Studies have shown that employees typically follow four primary paths to turnover, each of which has different implications for an organization:

  • Employee dissatisfaction. Attack this issue with traditional retention strategies such as monitoring workplace attitudes and addressing the drivers of turnover.
  • Better alternatives. Retain employees by ensuring that the organization is competitive in terms of rewards, developmental opportunities and the quality of the work environment. Be prepared to deal with external offers for valued employees.
  • A planned change. Some employees may have a predetermined plan to quit (e.g., if their spouse becomes pregnant, if they get a job advancement opportunity, if they are accepted into a degree program). However, increasing rewards tied to tenure or in response to employee needs may alter the plans of some employees. For example, if a company is seeing exits based on family-related plans, more generous parental leave and family-friendly policies may help reduce the impact.
  • A negative experience. Employees sometimes leave on impulse, without any plan for the future. Generally, this is the result of a negative response to a specific action (e.g., being passed over for a promotion or experiencing difficulties with a supervisor). Analyze the types and frequencies of work-related issues that are driving employees to leave. Provide training to minimize prevalent negative interactions (e.g., harassment, bullying, or unfair and inconsistent treatment) and provide support mechanisms to deal with those problems (e.g., conflict resolution procedures, alternative work schedules or employee assistance programs).

Additional predictors of turnover that merit careful attention include:

  • Organizational commitment and job satisfaction.
  • Quality of the employee-supervisor relationship.
  • Role clarity.
  • Job design.
  • Workgroup cohesion.

Following are some of the employment practices which will help create an impact on employee retention:

  • Recruitment and Hiring: Right and correct resource should be hired in the first place.

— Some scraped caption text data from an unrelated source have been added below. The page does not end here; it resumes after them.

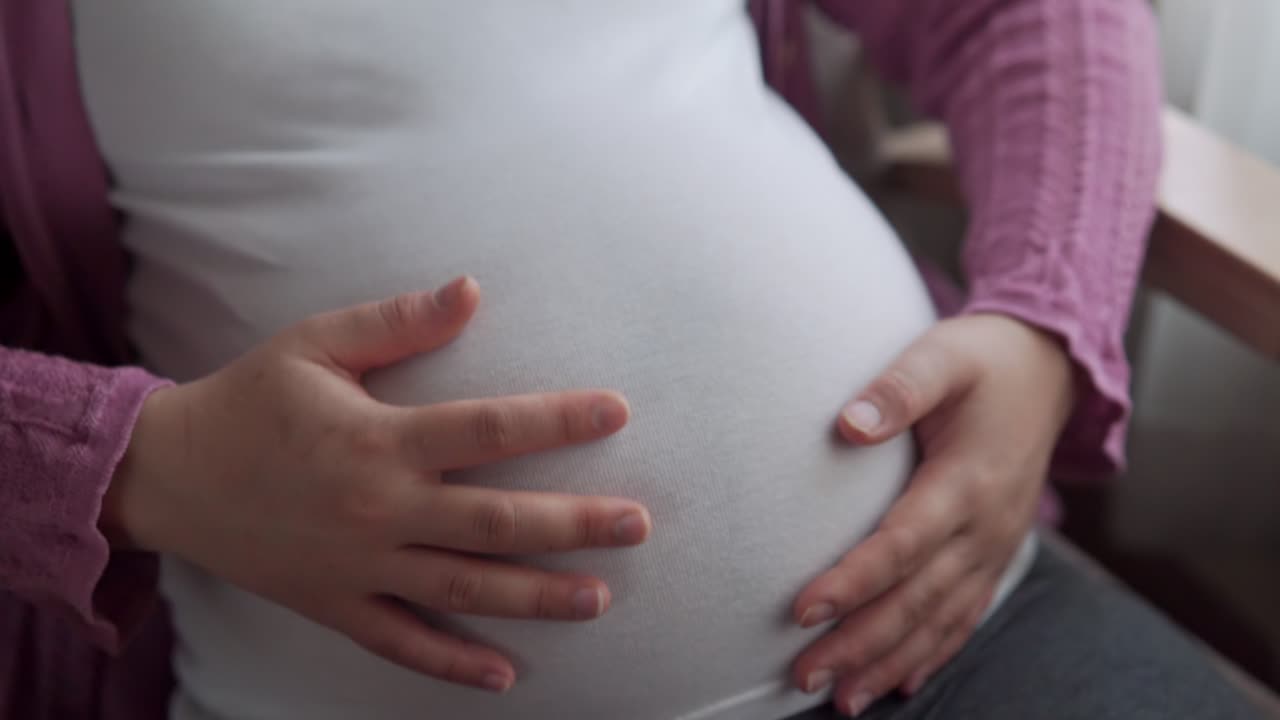 행복한 임신한 여성과 집에서 아기를 기대하고 있습니다.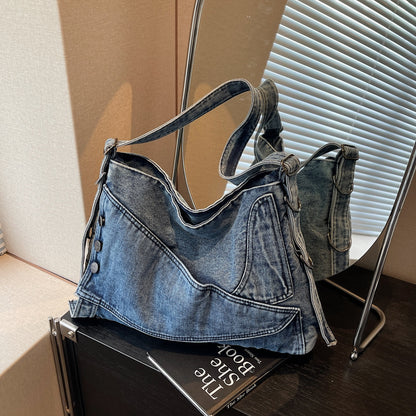 A denim shoulder bag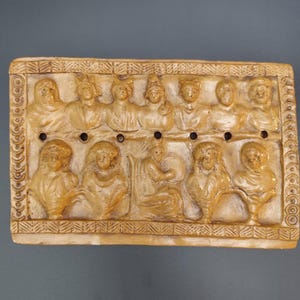 May include: A rectangular tan-colored plaque featuring a relief carving of twelve human figures arranged in two rows. The border is decorated with a repeating geometric pattern. A horizontal line of six small circular holes runs across the center.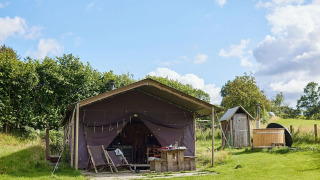 Safarizelt mit privater Dusche und Whirlpool bei Feather Down Pant y March Farm, Großbritannien, auf Wiese.
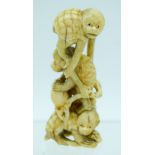 A 19TH CENTURY JAPANESE MEIJI PERIOD CARVED IVORY OKIMONO modelled as numerous monkeys. 9 cm high.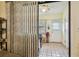 Small patio area with sliding vertical blinds and tiled floor at 11511 113Th St # 27C, Largo, FL 33778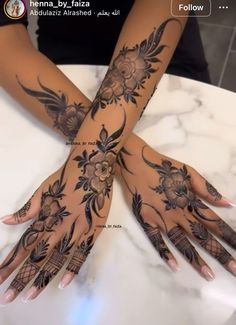 two hands with henna designs on them sitting on a marble counter top in front of a mirror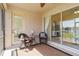 Relaxing screened lanai features comfortable seating, a ceiling fan, and sliding glass doors at 4262 70Th Street E Cir, Palmetto, FL 34221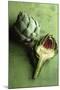 A Whole and a Half Artichoke on Green Background-Studio DHS-Mounted Photographic Print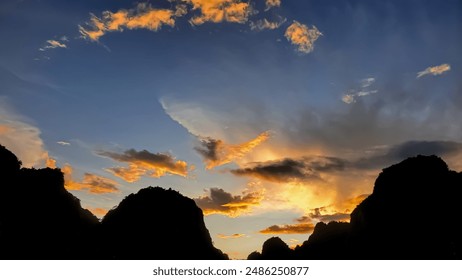  A majestic sunset paints the sky with hues of orange, pink, and purple, as the sun dips below a silhouette of snow-capped mountains.
 - Powered by Shutterstock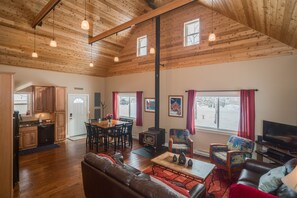 Feel the real cabin experience playing board games by the fire.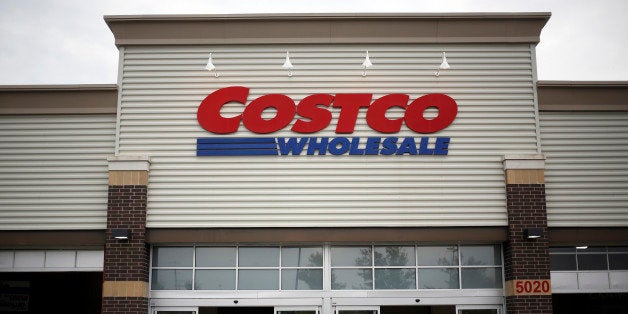 A man enters a Costco Wholesale Corp. store in Louisville, Kentucky, U.S., on Thursday, May 29, 2014. Costco Wholesale Corp.,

It calls for quite a lot of time and effort. When the bond between the employees and the organization is cordial and the mix between the required skill set for a particular job requirement is also right, retention is less likely to be an issue.
  • Orientation and Onboarding: Treating employees the right way in the early stages of employment is vital and enhances retention.
  • Training and Development: Training and development are the key factors in helping employees grow with your company and stay marketable in their field.
  • Performance Evaluation: When employees are aware of what they are doing and the areas they need to improve on, it is beneficial both for the organization and the employee.
  • Pay and Benefits: While today many employees tend to rate factors such as career development higher than pay, good pay and benefits still count to be the deciding factors for employee retention.
  • Internal Communication: Effective communication will help reduce the communication gap in an organization and curb employee attrition. Employees need to know and be reminded on a regular basis how the organization is doing and what they can do to help.
  • Termination and Outplacement: Employees who leave on good terms are much more likely to recommend your company, and in doing so, help you attract and retain future employees.

Broad-based strategies

Broad-based strategies are directed at the entire organization or at large subsystems and are intended to address overall retention rates. Examples include providing across-the-board market-based salary increases, changing the hiring process to incorporate retention-related criteria and improving the work environment.  

The data needed to help a company determine which broad-based strategies to implement typically come from three places:

  • Retention research can shed valuable light on the primary drivers of turnover. Attendance at conferences and membership in professional associations such as SHRM can provide access to the latest research on turnover and retention.
  • Effective practices encompass the strategies that other organizations are using and are finding effective or ineffective.
  • Benchmarking surveys can provide information about how a company compares to competitors on issues such as pay, benefits, bonus plans and the like.

Targeted strategies

Targeted strategies are based on data from several key sources, including organizational exit interviews, post-exit interviews, stay interviews, employee focus groups, predictive turnover studies and other qualitative studies. This information can lead an organization to determine more specifically where a problem exists and to develop highly relevant and linked strategies to address the issue. For example, if female professionals are departing the organization in significant numbers, a company could review common reasons that women give for leaving a company and develop strategies to specifically deal with this group of employees.